Information Start Marker

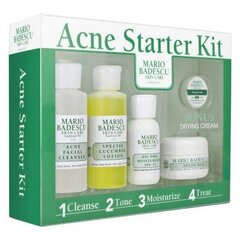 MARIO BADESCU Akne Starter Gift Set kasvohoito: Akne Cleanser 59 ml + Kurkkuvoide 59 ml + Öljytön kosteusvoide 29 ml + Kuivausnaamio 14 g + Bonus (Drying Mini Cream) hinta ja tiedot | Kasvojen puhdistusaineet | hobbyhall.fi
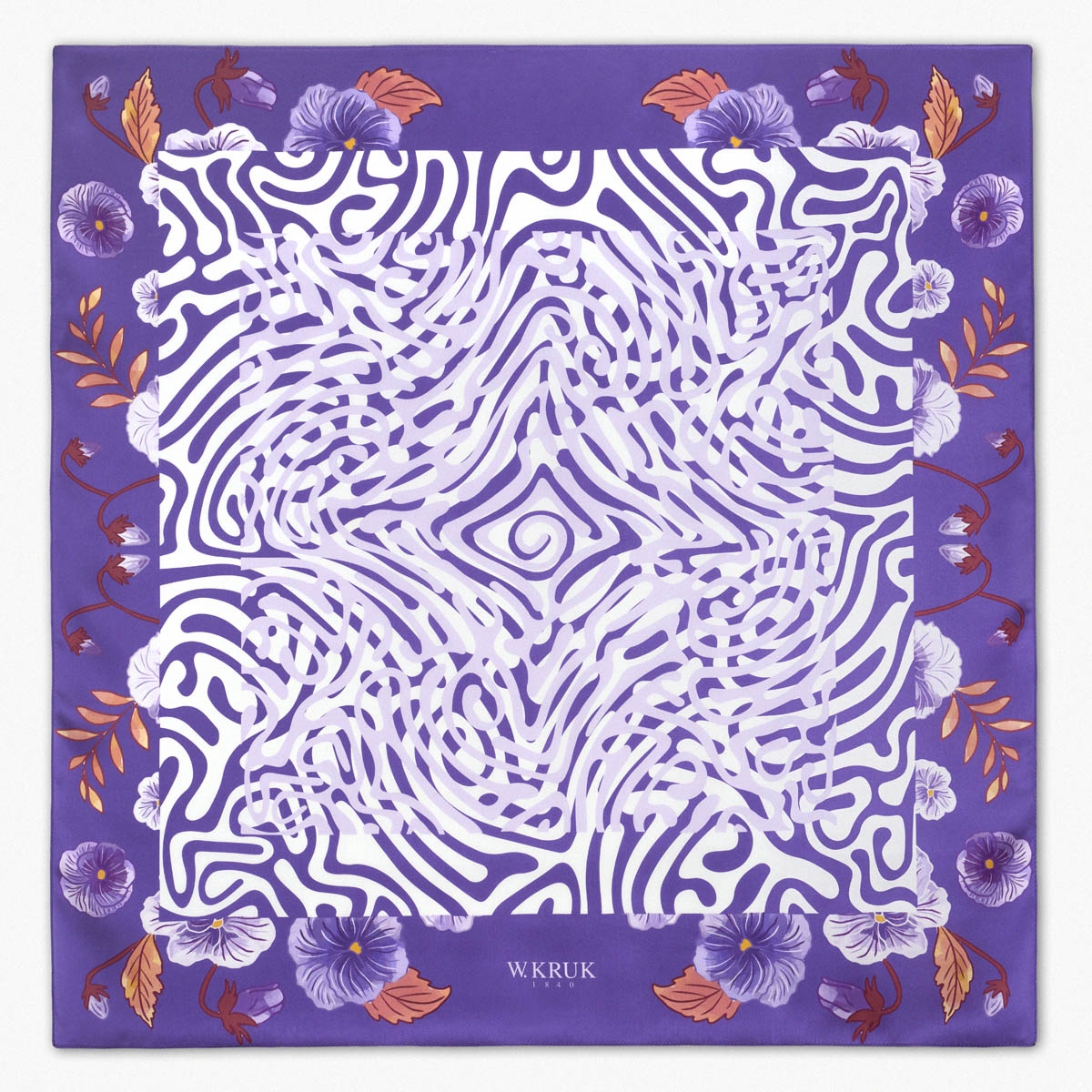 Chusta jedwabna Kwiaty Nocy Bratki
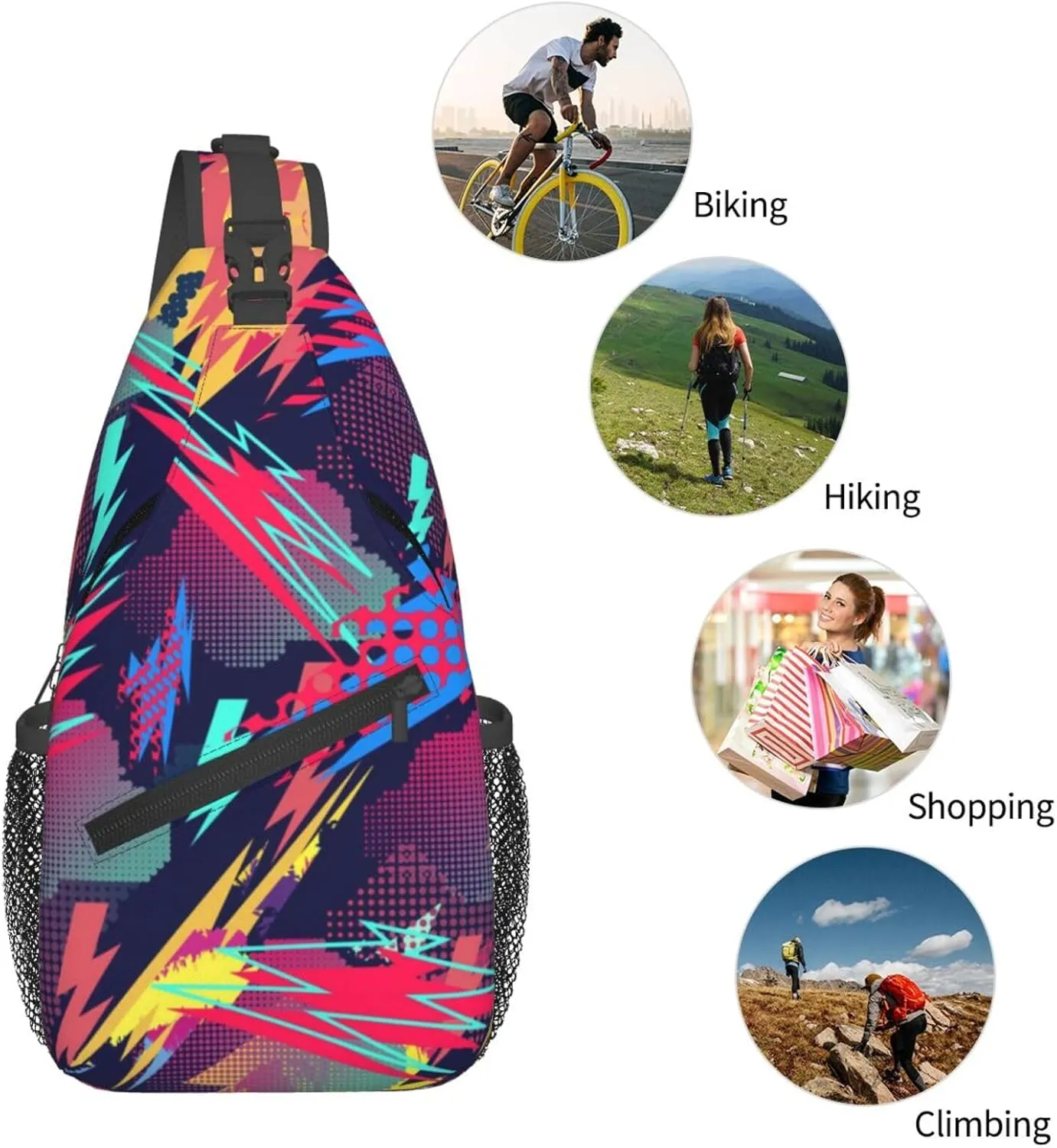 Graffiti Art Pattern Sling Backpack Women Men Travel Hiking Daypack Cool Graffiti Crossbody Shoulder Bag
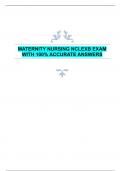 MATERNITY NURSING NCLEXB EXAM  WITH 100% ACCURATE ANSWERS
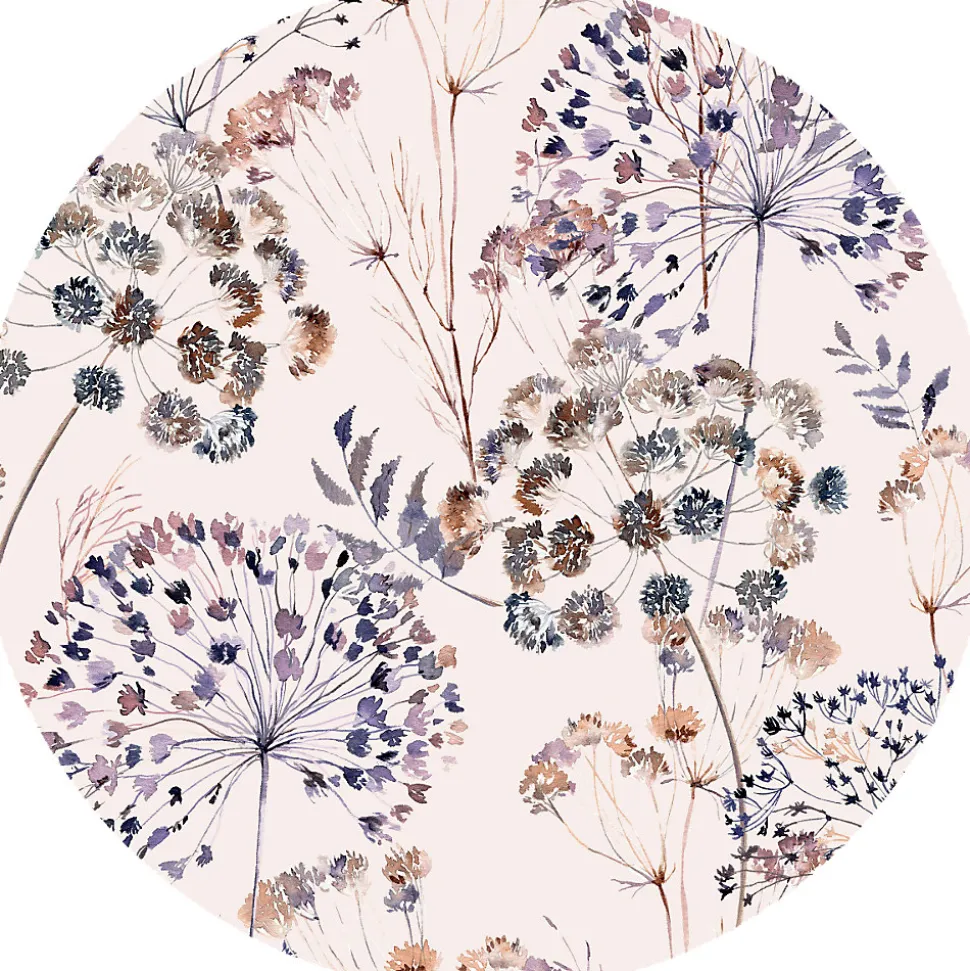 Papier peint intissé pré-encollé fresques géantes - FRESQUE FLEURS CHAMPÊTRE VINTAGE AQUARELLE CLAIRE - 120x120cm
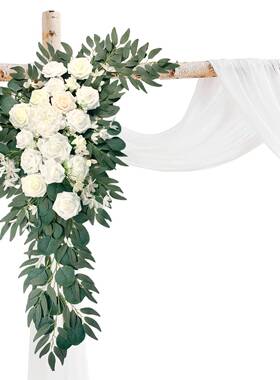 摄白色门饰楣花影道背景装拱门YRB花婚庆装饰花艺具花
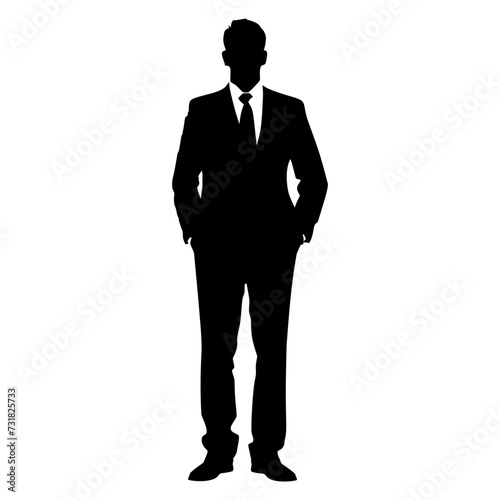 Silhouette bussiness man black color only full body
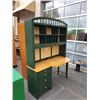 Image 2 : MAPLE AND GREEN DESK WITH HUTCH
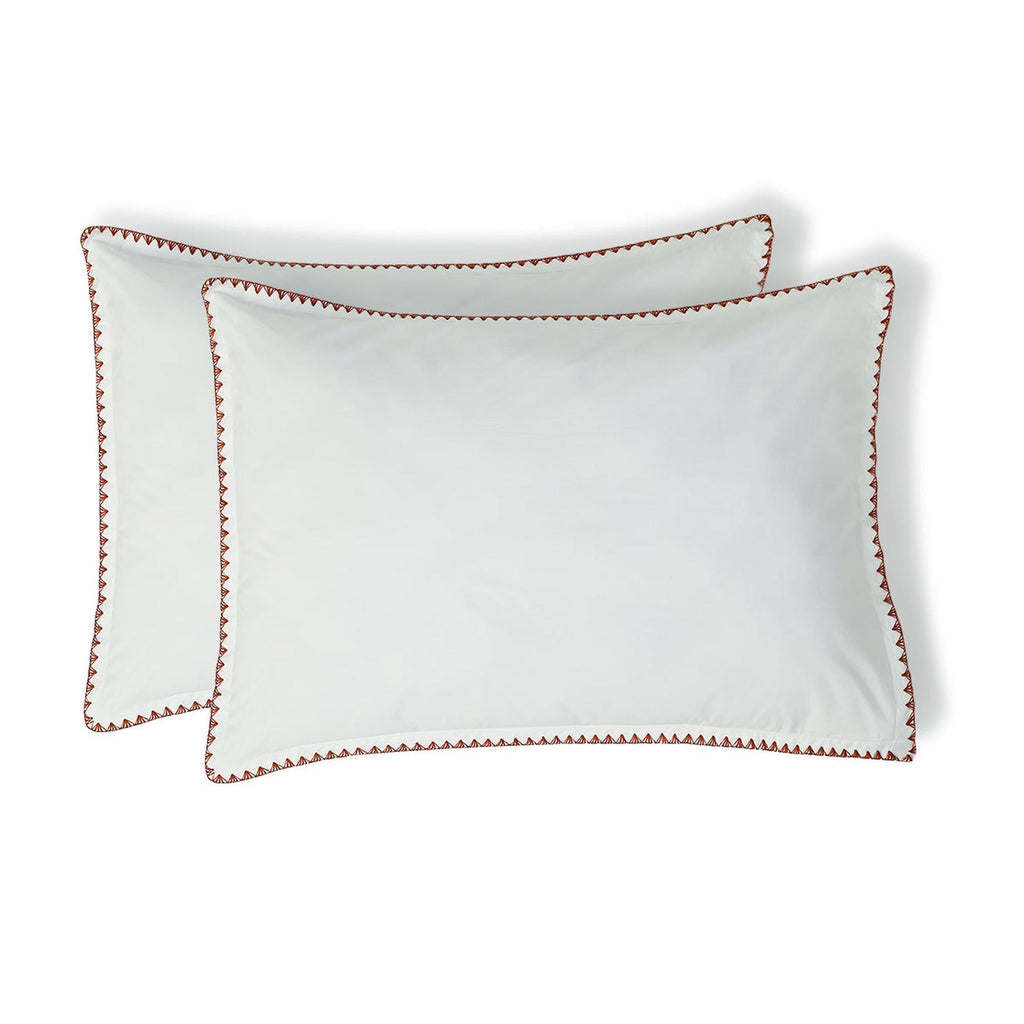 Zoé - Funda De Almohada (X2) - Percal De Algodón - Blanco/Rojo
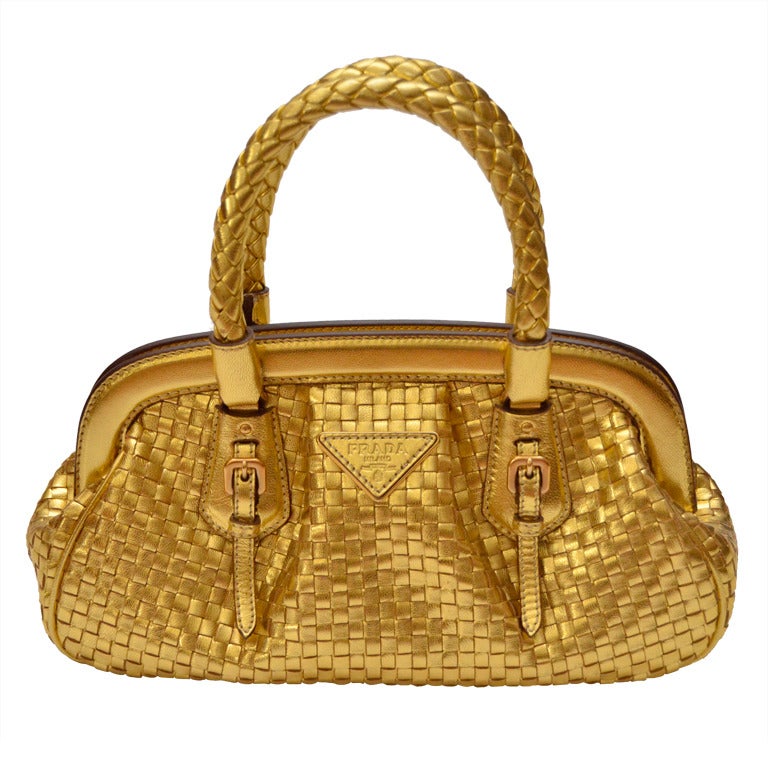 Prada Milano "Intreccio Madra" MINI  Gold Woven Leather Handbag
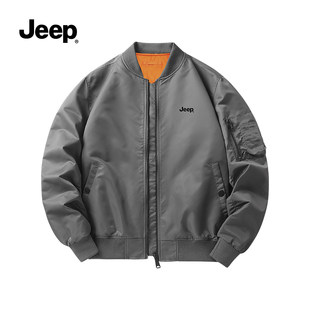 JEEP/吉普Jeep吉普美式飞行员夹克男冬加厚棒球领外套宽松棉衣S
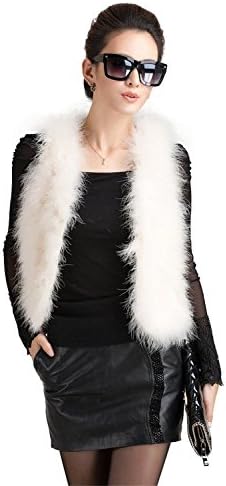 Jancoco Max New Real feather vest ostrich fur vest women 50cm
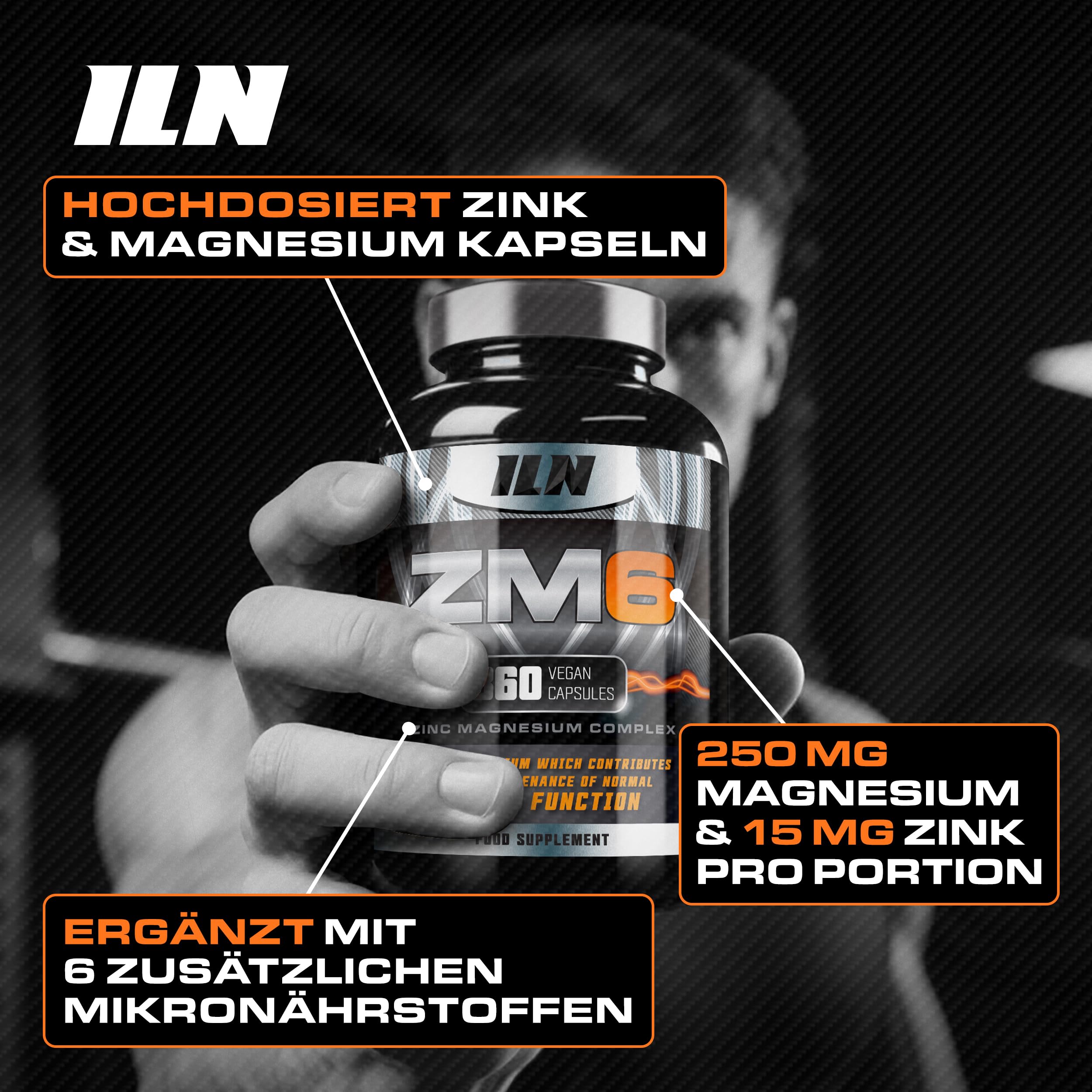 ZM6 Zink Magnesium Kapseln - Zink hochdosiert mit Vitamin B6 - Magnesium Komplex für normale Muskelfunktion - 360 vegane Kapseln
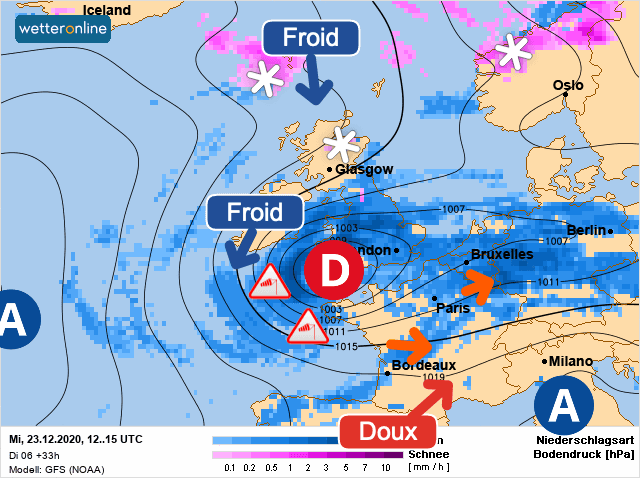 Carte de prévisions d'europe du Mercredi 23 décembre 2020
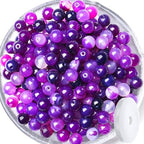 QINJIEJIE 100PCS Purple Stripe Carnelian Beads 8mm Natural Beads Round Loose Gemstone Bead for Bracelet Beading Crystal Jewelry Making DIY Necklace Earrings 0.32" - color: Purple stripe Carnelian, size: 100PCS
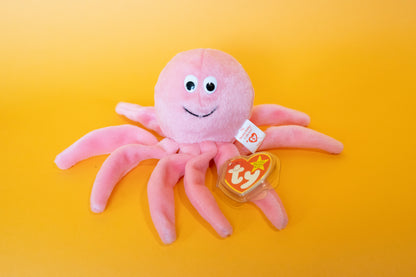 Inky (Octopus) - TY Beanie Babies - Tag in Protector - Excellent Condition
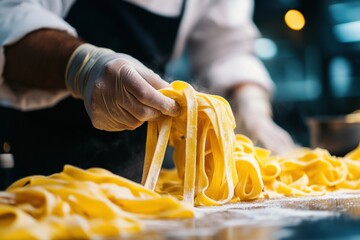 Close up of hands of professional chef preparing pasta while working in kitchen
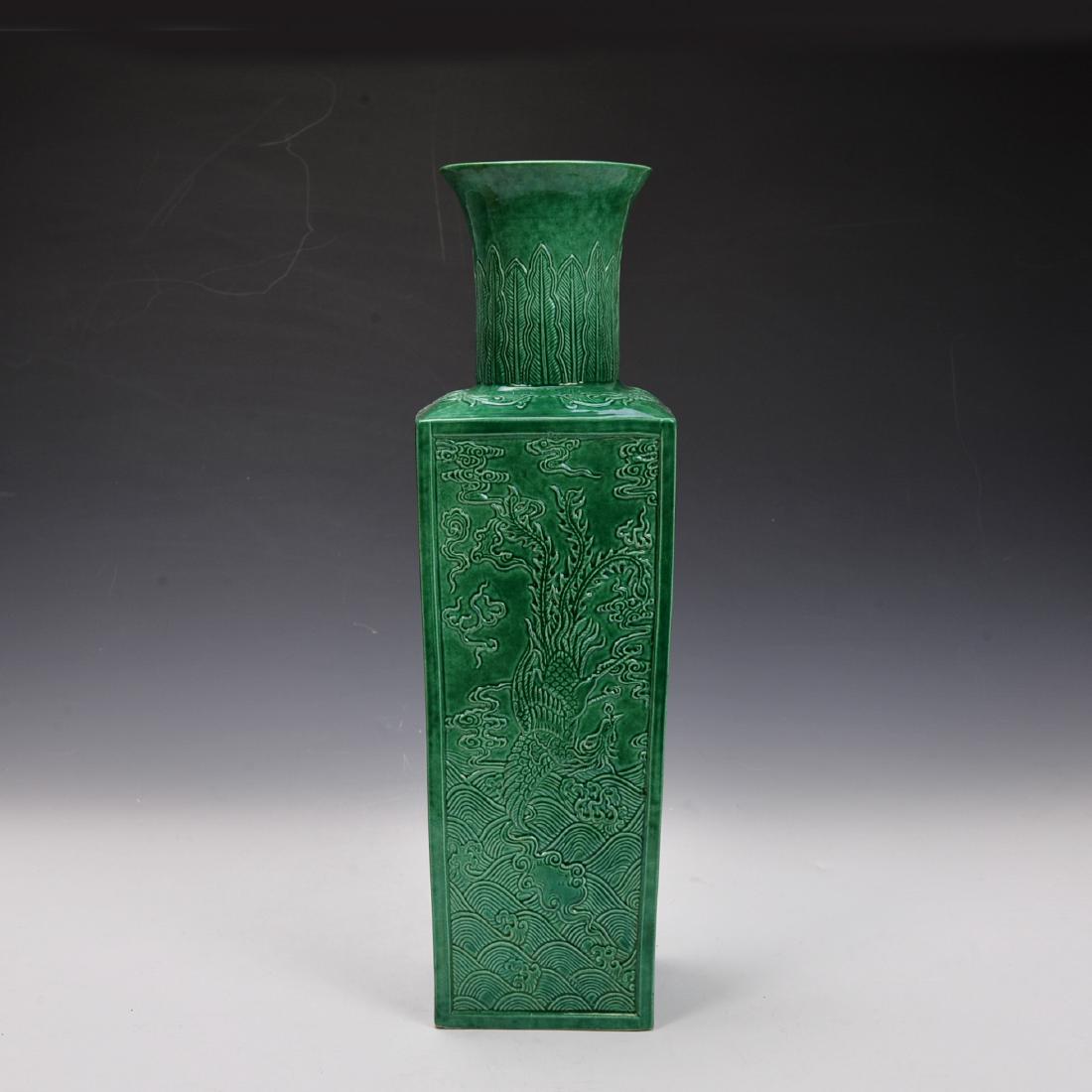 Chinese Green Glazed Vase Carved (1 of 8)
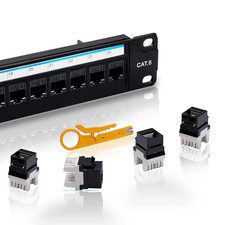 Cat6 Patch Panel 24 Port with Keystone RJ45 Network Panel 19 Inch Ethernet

Information End Marker

◆ **Assigned task**
Above are records to transcribe exactly; leave their pictures out.

◆ **Exercise solution**
 MARIO BADESCU Akne Starter Gift Set kasvohoito: Akne Cleanser 59 ml + Kurkkuvoide 59 ml + Öljytön kosteusvoide 29 ml + Kuivausnaamio 14 g + Bonus (Drying Mini Cream) hinta ja tiedot | Kasvojen puhdistusaineet | hobbyhall.fi
 Chusta jedwabna Kwiaty Nocy Bratki
 Graffiti Art Pattern Sling Backpack Women Men Travel Hiking Daypack Cool Graffiti Crossbody Shoulder Bag
 MATERNITY NURSING NCLEXB EXAM  WITH 100% ACCURATE ANSWERS
 Papier peint intissé pré-encollé fresques géantes - FRESQUE FLEURS CHAMPÊTRE VINTAGE AQUARELLE CLAIRE - 120x120cm
 摄白色门饰楣花影道背景装拱门YRB花婚庆装饰花艺具花
 Silhouette bussiness man black color only full body
 Image 2 : MAPLE AND GREEN DESK WITH HUTCH
 Zoé - Funda De Almohada (X2) - Percal De Algodón - Blanco/Rojo
 Prada Milano "Intreccio Madra" MINI  Gold Woven Leather Handbag
 JEEP/吉普Jeep吉普美式飞行员夹克男冬加厚棒球领外套宽松棉衣S
 Jancoco Max New Real feather vest ostrich fur vest women 50cm
 ZM6 Zink Magnesium Kapseln - Zink hochdosiert mit Vitamin B6 - Magnesium Komplex für normale Muskelfunktion - 360 vegane Kapseln
 Carte de prévisions d'europe du Mercredi 23 décembre 2020
 QINJIEJIE 100PCS Purple Stripe Carnelian Beads 8mm Natural Beads Round Loose Gemstone Bead for Bracelet Beading Crystal Jewelry Making DIY Necklace Earrings 0.32" - color: Purple stripe Carnelian, size: 100PCS
 Inky (Octopus) - TY Beanie Babies - Tag in Protector - Excellent Condition
 Close up of hands of professional chef preparing pasta while working in kitchen
 Chinese Green Glazed Vase Carved (1 of 8)
 Cat6 Patch Panel 24 Port with Keystone RJ45 Network Panel 19 Inch Ethernet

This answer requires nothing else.